Not only is the look different for Disney the subject matter is too.  The film is, as many describe it, contemporary.  It doesn’t take place once upon a time in a kingdom far, far away.  It takes place in, what was then, present day London where people drive cars, smoke, and watch TV.   The TV itself also has period shows like What’s My Crime?  A parody of the then popular game show What’s My Line?  The romance, that is so often the entire plot of Disney movies, is over in the first ten minutes and we get to see life after the courtship and wedding and that’s really refreshing.  Anita and Roger act like a young couple.  They flirt and fight, but they are still strong for each other.  Pongo and Perdita are good together and they work together as a unit to get the puppies home which is great.  Another big change is that the film is not a musical in any sense, though music is a key element to the film, but there are only two songs with words in them and they aren't there to advance the plot, just to provide character insight in the case of the better known one 'Cruella De Vil', though I think they are both good.  But I have always wondered, couldn’t Cruella sue Roger for slander because the song he wrote is clearly about her?  

Speaking of Cruella De Vil she herself is a great villain.  Her animation is a wonderful final performance by Marc Davis before he moved on to work on projects for Disneyland.

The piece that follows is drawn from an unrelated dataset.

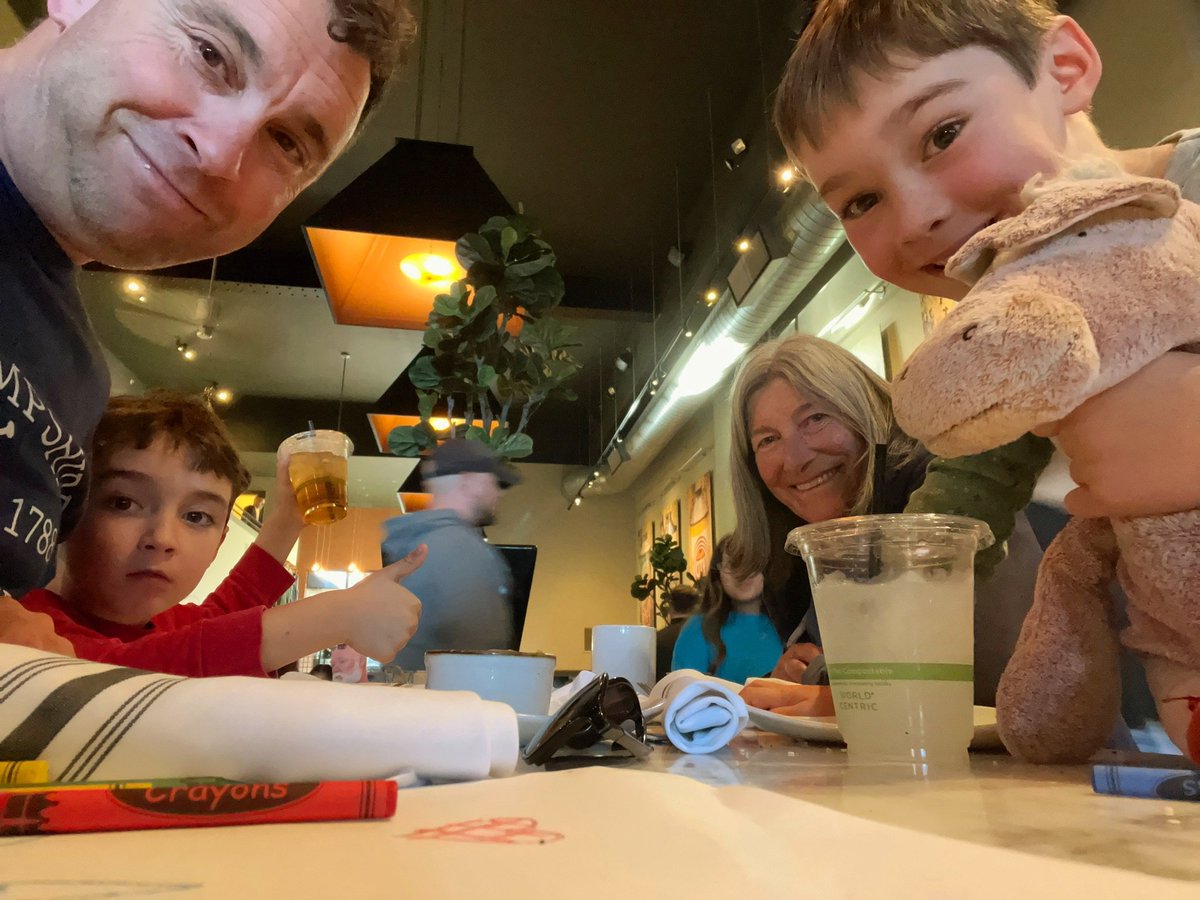 Meidas_Wendy's tweet image. Spent Saturday at the Big Sur River.💙
Then a delicious meal at Alvarado Street Brewery in Monterey.
#BigSur
#Family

I love that her hair matches the black and white of the Dalmatian fur, I love how she is actually skinny but her fur coat is so big and overwhelming.  I love that she tries to be this sophisticated lady and yet she’s sticking her cigarette out in cupcakes, yelling at Jasper and Horace, and in the car chase at the end all the venire is lifted away and she is revealed for the monster that she is.  Also I think we also have a first in Disneydom for her.  She’s been a rotten person throughout the entire movie, as is proper of Disney villains.  Then she gets into a car accident that should have killed her and yet she is clearly shown not to have died in it or been arrested afterwards.

The rest of the cast of characters is fun and diverse.  Pongo and Perdita are proactive and protective of their children; and they don’t turn into totally killjoys when they become parents either.  The puppies even have some different personalities in the pack like Patch and Rolly.  Sargent Tibbs is great as the cat willing to do everything for duty, and good at thinking on his feet too when he’s trying to help the puppies escape.  Jasper and Horace are fun as comedic relief henchmen.  Them making fun of Nanny as they come to steal the puppies never fails to make me laugh.  I love them just lounging around as they have to watch over the puppies, and them getting flung through the barn wall by the captain.  The only problem I have with them, and the movie as a whole, is Horace’s action of steering their truck off the road in the final chase scene so they hit Cruella’s car instead of the moving truck.  I didn’t get it as a kid and I still don’t get it now.  Why did he do that?  Was he scared that they wouldn’t survive hitting the truck?  Was he having a change of heart about killing the dogs?  Oh well in the grand scheme of things that is a very minor complaint in what I believe to be an excellent contribution to cinema.    

This film is nearly a flawless masterwork I think. It’s wonderful in showing off a new animation technique and making it look very sleek and professional.  It has a good mix of characters, a great villain, and a nice change of venue for the usual Disney setting of storytelling. I enjoy the music and I think the plot is engaging.  It’s beautifully made film from its characters to its credits and it still hangs on well to second place on my Disney favourites list.